A key component of this part of the inquiry was time. Because I was teaching some of the heat transfer theory through the English lessons, and graphs would be plotted in Maths and ICT, this freed up the Science teacher to really focus on the practical. He commented afterwards how valuable it was to spend four lessons (around 1 hour each) on the same experiment because this is not something they would normally be able to do, and how much the students’ experimental technique and understanding improved as they had the opportunity to learn from their mistakes. The students were excited by the experiments (and the tie-in with the water bottle covers that they were going to make) and enjoyed being able to return to the same apparatus over a number of weeks and improve their technique.
The downside of this slightly more controlled approach is that it does reduce student autonomy somewhat, so in order to meet the CREST criteria on decision-making and planning I felt we needed to add another strand to the inquiry – over the next few weeks the class will be planning a campaign to reduce the use of single-use plastics in the school (linked to making their reusable water bottles more attractive to use by making the covers). They will have the opportunity to drive and plan this themselves (with some guidance, of course!), which will help them to meet these criteria for the CREST award.

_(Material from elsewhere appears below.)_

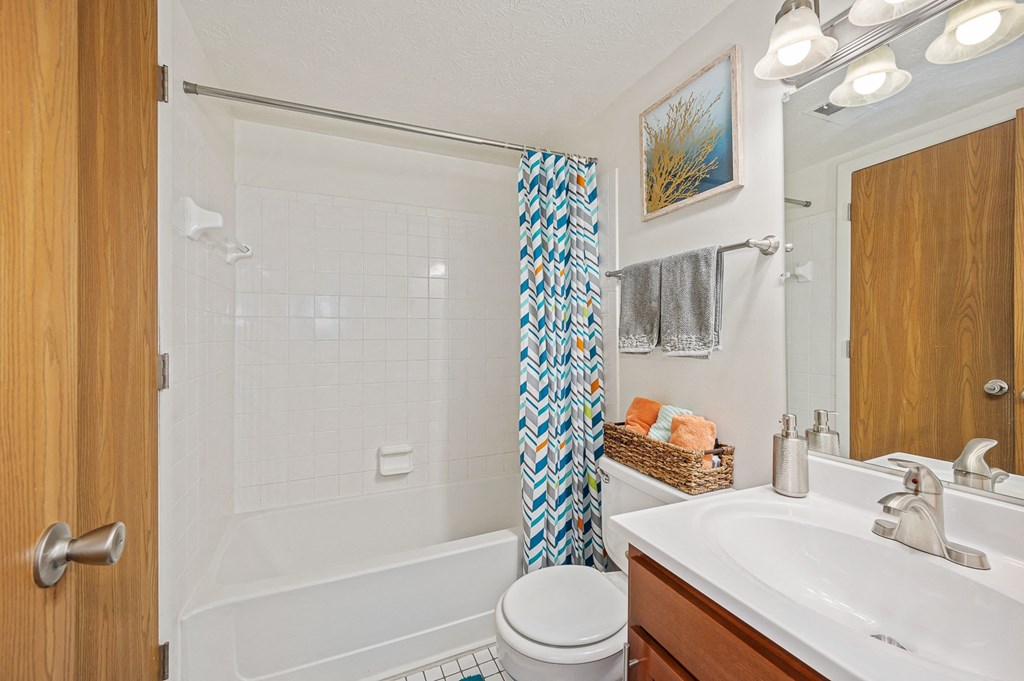 a bathroom with a white bathtub and a white sink with a blue and white shower curtain at The Woodridge Collection, Fairfield Ohio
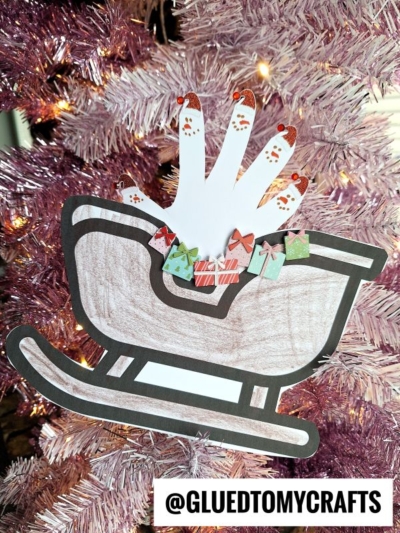 A handmade Christmas sleigh keepsake featuring Santa’s hand with painted fingernails, sitting in a colored sleigh filled with tiny paper gifts and attached to a pink Christmas tree. Text reads @GLUEDTOMYCRAFTS.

[*If you want to know, a 100ml plastic measuring cylinder filled with 100ml of freshly boiled water and a thermometer clamped and pushed through (at about the 20C mark) a disposable cup lid just touching the top of the cylinder works really well. If you also prewarm the apparatus you can get perfectly reproducible results – as evidenced by that fact that several groups in one class managed to get identical results. They were so excited to feel like real scientists! You can then precut equally sized rectangles of different materials to wrap around the whole height of the cylinder and secure at top and bottom with rubber bands. In my trials I found that the small plastic cups, and even glass beakers, which are commonly used for this experiment instead of the cylinders were too affected by heat loss through their bottoms and didn’t have enough surface area covered by the insulating material to be particularly discriminating between different materials.]